→ WHAT YOU WILL DO:
Using the records provided below, locate and copy each line that contains the word "Shirt".

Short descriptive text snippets
== Segment start ==

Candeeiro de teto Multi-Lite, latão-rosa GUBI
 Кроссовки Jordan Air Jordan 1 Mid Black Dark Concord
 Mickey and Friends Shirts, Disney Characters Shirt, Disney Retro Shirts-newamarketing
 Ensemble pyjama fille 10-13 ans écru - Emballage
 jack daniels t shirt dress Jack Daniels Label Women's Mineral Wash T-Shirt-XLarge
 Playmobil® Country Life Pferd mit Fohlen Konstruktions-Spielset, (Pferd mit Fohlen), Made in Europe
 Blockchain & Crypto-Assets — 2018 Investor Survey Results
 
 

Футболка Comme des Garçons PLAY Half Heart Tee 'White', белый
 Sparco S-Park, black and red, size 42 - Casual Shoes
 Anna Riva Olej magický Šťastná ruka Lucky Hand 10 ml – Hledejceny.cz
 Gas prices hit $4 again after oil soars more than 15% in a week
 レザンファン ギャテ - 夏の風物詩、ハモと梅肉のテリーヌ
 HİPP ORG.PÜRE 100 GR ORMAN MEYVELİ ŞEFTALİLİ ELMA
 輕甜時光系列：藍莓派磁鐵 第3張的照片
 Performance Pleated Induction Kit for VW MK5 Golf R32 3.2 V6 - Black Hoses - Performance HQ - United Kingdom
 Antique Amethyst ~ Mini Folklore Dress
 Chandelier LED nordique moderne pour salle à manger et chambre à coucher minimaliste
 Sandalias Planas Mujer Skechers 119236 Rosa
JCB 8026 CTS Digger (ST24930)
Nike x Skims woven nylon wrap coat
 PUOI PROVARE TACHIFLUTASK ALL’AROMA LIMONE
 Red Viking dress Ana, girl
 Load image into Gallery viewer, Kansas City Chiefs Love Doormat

== Segment end ==

→ ANSWER TO THE EXERCISE:
 Mickey and Friends Shirts, Disney Characters Shirt, Disney Retro Shirts-newamarketing
 jack daniels t shirt dress Jack Daniels Label Women's Mineral Wash T-Shirt-XLarge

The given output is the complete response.